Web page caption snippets
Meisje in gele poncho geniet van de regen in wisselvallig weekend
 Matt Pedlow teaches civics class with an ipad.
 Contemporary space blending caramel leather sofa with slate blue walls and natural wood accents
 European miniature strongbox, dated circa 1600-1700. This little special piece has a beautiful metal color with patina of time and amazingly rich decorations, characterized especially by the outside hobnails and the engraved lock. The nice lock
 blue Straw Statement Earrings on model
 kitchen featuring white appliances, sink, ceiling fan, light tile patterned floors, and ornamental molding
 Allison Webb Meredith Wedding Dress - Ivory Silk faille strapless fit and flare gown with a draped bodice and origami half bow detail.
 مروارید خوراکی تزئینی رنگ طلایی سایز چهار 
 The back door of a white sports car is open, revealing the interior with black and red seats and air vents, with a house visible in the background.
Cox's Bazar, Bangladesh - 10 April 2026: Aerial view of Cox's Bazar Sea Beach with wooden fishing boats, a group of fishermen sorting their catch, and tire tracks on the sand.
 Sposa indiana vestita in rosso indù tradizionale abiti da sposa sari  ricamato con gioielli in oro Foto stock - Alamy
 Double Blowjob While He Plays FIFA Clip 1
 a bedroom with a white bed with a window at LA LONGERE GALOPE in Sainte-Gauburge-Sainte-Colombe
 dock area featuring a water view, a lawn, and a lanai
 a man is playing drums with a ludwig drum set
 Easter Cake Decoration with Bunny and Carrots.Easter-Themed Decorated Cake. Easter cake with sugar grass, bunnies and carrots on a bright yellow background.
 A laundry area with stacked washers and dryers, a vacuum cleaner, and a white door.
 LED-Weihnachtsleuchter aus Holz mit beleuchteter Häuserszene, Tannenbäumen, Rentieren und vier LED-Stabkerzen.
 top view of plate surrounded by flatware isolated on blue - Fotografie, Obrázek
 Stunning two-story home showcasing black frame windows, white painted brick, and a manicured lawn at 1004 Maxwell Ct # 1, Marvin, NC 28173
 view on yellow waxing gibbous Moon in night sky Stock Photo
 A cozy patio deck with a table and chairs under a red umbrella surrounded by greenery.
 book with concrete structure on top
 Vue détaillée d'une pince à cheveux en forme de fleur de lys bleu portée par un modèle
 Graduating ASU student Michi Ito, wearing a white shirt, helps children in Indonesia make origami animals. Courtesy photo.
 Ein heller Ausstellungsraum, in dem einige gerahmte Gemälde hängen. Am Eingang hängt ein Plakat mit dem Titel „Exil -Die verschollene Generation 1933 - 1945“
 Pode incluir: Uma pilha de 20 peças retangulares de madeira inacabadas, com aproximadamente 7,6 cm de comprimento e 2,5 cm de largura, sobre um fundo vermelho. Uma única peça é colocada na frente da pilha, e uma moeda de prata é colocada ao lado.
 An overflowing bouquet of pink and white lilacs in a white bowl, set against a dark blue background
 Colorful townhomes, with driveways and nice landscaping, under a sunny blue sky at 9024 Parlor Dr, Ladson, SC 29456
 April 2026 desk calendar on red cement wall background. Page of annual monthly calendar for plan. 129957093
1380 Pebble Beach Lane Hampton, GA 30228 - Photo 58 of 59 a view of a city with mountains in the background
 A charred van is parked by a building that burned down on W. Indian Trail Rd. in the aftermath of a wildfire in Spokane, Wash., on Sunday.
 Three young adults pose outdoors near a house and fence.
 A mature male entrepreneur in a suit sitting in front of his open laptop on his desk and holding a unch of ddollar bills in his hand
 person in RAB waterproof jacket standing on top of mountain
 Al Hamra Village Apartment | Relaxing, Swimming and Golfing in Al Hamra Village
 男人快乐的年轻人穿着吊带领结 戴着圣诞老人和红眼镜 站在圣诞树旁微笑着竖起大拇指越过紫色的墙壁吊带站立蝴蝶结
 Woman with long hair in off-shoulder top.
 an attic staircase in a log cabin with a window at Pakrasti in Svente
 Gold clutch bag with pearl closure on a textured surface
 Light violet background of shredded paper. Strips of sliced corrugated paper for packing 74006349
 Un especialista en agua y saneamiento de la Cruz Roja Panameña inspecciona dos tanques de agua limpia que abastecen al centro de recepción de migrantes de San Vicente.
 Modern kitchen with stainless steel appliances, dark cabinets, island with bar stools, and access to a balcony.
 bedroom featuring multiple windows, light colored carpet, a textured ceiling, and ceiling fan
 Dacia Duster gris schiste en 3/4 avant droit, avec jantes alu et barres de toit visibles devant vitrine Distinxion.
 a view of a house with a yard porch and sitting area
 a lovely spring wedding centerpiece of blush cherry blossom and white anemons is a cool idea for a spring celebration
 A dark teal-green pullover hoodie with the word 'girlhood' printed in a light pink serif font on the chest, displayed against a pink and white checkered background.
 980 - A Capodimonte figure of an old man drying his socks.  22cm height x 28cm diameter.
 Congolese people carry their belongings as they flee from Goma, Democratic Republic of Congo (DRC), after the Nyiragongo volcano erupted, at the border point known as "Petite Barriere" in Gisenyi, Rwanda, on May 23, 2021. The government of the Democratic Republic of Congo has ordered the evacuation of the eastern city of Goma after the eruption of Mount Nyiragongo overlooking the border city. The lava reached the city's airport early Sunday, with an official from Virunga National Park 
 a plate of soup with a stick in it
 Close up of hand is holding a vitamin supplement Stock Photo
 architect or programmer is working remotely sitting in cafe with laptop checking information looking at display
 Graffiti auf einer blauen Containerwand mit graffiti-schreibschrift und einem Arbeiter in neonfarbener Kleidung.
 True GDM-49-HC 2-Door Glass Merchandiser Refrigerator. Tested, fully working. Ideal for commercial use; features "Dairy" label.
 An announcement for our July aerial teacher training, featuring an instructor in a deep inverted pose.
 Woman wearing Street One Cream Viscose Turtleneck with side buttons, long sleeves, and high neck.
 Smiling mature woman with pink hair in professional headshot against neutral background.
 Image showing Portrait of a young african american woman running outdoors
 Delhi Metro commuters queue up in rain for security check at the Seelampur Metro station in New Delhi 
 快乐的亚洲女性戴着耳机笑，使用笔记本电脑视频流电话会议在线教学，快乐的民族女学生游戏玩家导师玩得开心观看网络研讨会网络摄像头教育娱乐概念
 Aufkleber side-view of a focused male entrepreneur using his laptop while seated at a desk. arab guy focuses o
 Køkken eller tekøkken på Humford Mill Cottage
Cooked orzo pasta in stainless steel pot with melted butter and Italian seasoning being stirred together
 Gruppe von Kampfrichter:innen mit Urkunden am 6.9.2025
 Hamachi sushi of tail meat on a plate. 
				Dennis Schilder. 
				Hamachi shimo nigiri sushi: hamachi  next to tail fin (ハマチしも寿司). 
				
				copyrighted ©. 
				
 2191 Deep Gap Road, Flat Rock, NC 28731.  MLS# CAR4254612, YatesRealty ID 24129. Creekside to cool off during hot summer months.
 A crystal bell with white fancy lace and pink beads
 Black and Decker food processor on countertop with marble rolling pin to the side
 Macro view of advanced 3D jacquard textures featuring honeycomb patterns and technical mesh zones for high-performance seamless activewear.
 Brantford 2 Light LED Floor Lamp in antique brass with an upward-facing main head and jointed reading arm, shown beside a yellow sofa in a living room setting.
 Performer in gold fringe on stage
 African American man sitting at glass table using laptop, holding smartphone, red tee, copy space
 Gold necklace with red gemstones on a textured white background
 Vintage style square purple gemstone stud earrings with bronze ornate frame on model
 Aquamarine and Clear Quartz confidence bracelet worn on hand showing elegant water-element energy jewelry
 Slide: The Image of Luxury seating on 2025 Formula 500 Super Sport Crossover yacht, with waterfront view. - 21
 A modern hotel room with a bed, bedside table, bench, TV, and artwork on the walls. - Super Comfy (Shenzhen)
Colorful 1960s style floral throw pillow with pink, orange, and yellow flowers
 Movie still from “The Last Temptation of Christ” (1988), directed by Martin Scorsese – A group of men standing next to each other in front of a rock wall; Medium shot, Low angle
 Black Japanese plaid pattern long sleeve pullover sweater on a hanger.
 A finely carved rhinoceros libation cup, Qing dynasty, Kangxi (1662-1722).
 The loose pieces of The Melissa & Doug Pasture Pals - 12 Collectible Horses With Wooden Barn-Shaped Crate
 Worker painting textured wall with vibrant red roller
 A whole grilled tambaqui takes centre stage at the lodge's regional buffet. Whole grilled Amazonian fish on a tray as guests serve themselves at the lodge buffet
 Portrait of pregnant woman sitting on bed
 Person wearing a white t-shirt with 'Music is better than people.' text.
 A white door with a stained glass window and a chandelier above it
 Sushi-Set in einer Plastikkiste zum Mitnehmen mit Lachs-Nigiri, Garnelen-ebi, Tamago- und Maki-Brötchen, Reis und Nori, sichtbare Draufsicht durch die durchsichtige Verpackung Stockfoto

-- Assignment --
Above are some lines. Repeat exactly, and only, those from the line that has "An announcement for" through the line that has "Smiling mature woman".

-- Answer for the task --
 An announcement for our July aerial teacher training, featuring an instructor in a deep inverted pose.
 Woman wearing Street One Cream Viscose Turtleneck with side buttons, long sleeves, and high neck.
 Smiling mature woman with pink hair in professional headshot against neutral background.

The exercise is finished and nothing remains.